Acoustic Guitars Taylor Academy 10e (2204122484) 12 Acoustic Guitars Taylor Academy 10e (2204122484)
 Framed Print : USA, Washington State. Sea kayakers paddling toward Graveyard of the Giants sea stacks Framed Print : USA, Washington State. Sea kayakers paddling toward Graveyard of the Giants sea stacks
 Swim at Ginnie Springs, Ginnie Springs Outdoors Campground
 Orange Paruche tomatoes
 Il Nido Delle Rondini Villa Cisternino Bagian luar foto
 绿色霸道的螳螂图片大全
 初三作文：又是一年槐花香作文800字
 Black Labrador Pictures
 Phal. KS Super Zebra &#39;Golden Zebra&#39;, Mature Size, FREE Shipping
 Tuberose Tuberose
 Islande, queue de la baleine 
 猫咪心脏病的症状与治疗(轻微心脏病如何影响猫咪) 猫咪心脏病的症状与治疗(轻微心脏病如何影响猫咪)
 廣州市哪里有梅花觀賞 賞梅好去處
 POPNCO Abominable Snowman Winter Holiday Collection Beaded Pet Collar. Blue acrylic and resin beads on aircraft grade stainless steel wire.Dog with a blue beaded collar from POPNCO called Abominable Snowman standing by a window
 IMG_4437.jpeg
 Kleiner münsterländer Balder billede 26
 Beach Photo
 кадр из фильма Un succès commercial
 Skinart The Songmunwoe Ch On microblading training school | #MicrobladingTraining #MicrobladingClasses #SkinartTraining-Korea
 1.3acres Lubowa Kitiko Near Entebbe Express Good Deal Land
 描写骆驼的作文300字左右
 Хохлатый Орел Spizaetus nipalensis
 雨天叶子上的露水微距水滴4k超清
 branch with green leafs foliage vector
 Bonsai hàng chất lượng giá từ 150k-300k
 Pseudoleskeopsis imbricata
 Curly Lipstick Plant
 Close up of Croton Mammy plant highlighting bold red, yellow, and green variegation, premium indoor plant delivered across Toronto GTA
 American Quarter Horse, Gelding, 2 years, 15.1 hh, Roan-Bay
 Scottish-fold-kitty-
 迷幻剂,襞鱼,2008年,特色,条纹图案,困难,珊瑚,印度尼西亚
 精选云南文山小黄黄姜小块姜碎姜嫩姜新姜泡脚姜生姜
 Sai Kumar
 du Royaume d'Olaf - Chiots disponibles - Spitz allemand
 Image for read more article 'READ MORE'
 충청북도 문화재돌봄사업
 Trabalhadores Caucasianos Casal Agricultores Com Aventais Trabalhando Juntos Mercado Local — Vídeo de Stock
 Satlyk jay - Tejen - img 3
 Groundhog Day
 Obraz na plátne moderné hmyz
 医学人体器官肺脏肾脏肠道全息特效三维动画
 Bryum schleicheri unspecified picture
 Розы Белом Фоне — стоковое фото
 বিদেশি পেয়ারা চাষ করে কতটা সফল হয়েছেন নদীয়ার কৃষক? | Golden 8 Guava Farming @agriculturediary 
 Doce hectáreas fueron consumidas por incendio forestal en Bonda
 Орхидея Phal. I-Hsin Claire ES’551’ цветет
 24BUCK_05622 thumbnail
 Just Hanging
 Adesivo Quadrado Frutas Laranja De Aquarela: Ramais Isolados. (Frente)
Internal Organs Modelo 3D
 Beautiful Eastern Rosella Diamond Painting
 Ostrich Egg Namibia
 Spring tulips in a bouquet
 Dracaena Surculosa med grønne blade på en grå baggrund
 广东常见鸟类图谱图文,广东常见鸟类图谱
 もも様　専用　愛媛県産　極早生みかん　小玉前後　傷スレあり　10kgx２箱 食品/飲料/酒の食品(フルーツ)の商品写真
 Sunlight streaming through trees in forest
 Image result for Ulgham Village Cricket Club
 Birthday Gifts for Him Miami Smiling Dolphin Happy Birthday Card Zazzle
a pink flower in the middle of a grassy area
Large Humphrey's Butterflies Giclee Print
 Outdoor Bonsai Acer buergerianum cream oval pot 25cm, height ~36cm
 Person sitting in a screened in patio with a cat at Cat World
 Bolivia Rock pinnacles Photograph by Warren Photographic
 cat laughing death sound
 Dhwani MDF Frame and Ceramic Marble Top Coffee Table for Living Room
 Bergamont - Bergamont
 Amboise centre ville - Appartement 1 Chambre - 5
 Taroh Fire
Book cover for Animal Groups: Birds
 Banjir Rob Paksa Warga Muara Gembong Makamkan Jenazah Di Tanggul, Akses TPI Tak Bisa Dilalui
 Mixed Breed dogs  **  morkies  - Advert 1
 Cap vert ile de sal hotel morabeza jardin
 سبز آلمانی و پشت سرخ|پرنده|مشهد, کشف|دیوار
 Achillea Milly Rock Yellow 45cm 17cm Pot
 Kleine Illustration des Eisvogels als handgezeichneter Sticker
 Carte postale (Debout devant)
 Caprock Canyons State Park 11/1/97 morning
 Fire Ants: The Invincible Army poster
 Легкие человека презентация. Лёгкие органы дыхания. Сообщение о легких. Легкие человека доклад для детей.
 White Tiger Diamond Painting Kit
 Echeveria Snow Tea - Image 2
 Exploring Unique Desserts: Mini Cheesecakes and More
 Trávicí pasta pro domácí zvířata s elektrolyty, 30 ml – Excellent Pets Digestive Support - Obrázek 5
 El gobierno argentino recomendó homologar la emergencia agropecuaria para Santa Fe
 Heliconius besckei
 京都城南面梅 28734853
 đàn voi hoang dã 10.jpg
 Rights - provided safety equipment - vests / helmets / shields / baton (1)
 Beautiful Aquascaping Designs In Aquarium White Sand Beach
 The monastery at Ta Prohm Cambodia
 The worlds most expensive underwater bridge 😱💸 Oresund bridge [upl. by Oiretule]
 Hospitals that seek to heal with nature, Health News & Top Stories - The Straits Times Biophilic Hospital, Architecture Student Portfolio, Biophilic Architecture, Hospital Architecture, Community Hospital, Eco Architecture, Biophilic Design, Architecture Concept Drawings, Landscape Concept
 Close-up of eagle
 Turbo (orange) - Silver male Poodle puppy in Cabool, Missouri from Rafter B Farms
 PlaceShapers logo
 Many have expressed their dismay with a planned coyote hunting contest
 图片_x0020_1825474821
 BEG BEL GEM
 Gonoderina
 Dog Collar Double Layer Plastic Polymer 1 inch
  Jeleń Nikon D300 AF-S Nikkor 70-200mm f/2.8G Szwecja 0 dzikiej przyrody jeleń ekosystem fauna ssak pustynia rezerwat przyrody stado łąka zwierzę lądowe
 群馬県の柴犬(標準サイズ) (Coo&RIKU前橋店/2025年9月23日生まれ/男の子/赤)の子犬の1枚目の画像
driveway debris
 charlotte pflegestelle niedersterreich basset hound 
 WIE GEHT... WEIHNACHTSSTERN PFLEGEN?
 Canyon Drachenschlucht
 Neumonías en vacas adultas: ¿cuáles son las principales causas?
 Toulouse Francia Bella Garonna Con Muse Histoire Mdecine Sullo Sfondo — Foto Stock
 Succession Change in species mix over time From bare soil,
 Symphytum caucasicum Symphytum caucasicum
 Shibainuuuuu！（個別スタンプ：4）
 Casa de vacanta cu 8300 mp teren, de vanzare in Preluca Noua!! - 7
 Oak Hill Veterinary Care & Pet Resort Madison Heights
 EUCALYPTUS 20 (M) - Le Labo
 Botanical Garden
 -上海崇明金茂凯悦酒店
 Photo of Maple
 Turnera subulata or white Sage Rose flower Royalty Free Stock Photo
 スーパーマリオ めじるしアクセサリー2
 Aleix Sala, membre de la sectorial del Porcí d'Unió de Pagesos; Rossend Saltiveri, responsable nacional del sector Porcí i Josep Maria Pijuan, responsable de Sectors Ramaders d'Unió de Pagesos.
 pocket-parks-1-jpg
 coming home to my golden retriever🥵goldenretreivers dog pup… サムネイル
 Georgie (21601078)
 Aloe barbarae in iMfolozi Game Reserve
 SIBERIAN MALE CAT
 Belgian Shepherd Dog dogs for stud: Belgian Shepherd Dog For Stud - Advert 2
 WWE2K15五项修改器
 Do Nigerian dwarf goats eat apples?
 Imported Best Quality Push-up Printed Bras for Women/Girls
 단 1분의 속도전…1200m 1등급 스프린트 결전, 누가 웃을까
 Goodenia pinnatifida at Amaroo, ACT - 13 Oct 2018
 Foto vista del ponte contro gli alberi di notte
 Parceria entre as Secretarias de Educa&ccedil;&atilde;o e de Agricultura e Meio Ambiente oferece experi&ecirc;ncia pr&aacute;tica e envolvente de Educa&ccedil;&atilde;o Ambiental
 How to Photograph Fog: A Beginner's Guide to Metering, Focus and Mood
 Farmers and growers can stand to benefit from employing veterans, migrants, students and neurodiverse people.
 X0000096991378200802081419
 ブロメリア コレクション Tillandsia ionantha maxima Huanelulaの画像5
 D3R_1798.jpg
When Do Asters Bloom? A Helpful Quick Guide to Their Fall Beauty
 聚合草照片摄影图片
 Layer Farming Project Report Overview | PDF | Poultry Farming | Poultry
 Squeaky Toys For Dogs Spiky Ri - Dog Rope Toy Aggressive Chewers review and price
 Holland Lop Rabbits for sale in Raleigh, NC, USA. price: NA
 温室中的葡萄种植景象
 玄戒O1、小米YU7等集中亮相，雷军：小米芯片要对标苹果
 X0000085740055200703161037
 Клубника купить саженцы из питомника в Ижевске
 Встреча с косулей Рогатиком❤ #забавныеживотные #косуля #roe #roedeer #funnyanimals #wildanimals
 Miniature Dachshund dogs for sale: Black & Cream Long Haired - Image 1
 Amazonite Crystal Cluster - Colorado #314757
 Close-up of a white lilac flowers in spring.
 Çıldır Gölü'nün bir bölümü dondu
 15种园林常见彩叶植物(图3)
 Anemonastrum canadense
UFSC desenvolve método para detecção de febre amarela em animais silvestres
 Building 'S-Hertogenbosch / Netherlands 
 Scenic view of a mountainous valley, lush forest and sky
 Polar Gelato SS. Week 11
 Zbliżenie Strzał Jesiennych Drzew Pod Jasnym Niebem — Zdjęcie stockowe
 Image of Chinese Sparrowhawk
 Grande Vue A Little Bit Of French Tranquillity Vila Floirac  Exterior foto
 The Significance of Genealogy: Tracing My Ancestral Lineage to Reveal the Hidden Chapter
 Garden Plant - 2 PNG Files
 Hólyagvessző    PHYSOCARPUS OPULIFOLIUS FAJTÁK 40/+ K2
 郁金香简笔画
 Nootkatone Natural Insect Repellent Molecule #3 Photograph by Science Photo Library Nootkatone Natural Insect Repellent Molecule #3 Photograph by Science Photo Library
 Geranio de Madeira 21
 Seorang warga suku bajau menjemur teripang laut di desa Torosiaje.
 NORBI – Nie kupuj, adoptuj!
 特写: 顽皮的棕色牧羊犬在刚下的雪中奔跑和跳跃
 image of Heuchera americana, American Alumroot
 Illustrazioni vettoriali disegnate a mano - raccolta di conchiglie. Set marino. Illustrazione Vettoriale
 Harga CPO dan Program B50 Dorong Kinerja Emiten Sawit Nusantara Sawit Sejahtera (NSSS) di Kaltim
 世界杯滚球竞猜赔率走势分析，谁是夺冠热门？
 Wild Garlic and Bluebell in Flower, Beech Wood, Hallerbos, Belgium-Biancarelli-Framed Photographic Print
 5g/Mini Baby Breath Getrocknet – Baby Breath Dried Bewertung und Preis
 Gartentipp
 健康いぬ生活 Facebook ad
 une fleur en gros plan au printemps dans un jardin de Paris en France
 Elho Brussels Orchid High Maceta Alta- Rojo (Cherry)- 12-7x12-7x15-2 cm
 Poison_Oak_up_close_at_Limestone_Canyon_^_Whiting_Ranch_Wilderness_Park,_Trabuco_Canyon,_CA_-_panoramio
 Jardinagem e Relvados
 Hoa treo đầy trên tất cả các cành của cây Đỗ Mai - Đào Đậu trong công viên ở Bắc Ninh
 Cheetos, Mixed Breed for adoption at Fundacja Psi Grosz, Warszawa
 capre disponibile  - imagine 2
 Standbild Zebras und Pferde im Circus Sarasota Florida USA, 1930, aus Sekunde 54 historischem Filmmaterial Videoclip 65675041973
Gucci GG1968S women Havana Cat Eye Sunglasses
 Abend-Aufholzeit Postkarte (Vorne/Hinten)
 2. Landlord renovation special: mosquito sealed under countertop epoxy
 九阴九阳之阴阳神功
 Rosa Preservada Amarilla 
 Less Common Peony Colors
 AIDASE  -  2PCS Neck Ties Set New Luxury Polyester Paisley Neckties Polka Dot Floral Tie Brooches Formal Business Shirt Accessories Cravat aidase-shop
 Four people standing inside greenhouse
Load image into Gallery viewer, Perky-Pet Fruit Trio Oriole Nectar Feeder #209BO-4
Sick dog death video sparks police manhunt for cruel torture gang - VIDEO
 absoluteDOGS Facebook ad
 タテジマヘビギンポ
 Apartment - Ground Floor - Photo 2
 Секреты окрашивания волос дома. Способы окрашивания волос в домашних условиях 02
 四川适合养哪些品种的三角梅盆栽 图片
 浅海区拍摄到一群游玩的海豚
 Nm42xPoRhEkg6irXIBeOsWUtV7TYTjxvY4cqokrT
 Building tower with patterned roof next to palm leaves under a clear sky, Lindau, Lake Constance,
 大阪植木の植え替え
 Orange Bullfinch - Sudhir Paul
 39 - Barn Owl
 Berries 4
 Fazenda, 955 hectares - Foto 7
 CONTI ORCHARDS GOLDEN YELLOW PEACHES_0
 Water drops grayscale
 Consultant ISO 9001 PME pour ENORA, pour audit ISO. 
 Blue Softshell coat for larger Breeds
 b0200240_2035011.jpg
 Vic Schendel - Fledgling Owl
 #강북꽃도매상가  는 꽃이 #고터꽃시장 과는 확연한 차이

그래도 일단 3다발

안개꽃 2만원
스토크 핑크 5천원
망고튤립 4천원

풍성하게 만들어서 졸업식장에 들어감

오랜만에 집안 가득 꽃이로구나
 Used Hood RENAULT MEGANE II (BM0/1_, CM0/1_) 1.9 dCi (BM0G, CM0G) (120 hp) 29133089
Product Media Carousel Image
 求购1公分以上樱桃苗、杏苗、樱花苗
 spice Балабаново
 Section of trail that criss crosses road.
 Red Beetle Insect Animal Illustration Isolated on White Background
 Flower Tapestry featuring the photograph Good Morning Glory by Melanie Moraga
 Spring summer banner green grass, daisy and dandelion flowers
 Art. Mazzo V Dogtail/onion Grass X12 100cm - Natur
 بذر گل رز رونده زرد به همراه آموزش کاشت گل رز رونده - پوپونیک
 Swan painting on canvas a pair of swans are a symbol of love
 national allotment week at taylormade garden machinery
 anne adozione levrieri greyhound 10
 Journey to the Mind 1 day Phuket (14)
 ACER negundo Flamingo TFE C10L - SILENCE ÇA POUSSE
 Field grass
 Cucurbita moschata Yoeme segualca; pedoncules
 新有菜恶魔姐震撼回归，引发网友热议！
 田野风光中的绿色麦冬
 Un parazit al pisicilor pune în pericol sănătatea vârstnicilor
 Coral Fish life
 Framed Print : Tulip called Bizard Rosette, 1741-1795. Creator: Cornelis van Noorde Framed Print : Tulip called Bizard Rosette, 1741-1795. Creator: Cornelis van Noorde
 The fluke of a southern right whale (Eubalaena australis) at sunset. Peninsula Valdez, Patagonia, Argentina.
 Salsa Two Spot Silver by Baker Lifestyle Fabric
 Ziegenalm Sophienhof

--------------------

### [Task description]
Would you print exactly and only the lines of the material above that run from the line with "Kleine Illustration des" through the line with "Succession Change in", both included?

### [Reply]
 Kleine Illustration des Eisvogels als handgezeichneter Sticker
 Carte postale (Debout devant)
 Caprock Canyons State Park 11/1/97 morning
 Fire Ants: The Invincible Army poster
 Легкие человека презентация. Лёгкие органы дыхания. Сообщение о легких. Легкие человека доклад для детей.
 White Tiger Diamond Painting Kit
 Echeveria Snow Tea - Image 2
 Exploring Unique Desserts: Mini Cheesecakes and More
 Trávicí pasta pro domácí zvířata s elektrolyty, 30 ml – Excellent Pets Digestive Support - Obrázek 5
 El gobierno argentino recomendó homologar la emergencia agropecuaria para Santa Fe
 Heliconius besckei
 京都城南面梅 28734853
 đàn voi hoang dã 10.jpg
 Rights - provided safety equipment - vests / helmets / shields / baton (1)
 Beautiful Aquascaping Designs In Aquarium White Sand Beach
 The monastery at Ta Prohm Cambodia
 The worlds most expensive underwater bridge 😱💸 Oresund bridge [upl. by Oiretule]
 Hospitals that seek to heal with nature, Health News & Top Stories - The Straits Times Biophilic Hospital, Architecture Student Portfolio, Biophilic Architecture, Hospital Architecture, Community Hospital, Eco Architecture, Biophilic Design, Architecture Concept Drawings, Landscape Concept
 Close-up of eagle
 Turbo (orange) - Silver male Poodle puppy in Cabool, Missouri from Rafter B Farms
 PlaceShapers logo
 Many have expressed their dismay with a planned coyote hunting contest
 图片_x0020_1825474821
 BEG BEL GEM
 Gonoderina
 Dog Collar Double Layer Plastic Polymer 1 inch
  Jeleń Nikon D300 AF-S Nikkor 70-200mm f/2.8G Szwecja 0 dzikiej przyrody jeleń ekosystem fauna ssak pustynia rezerwat przyrody stado łąka zwierzę lądowe
 群馬県の柴犬(標準サイズ) (Coo&RIKU前橋店/2025年9月23日生まれ/男の子/赤)の子犬の1枚目の画像
driveway debris
 charlotte pflegestelle niedersterreich basset hound 
 WIE GEHT... WEIHNACHTSSTERN PFLEGEN?
 Canyon Drachenschlucht
 Neumonías en vacas adultas: ¿cuáles son las principales causas?
 Toulouse Francia Bella Garonna Con Muse Histoire Mdecine Sullo Sfondo — Foto Stock
 Succession Change in species mix over time From bare soil,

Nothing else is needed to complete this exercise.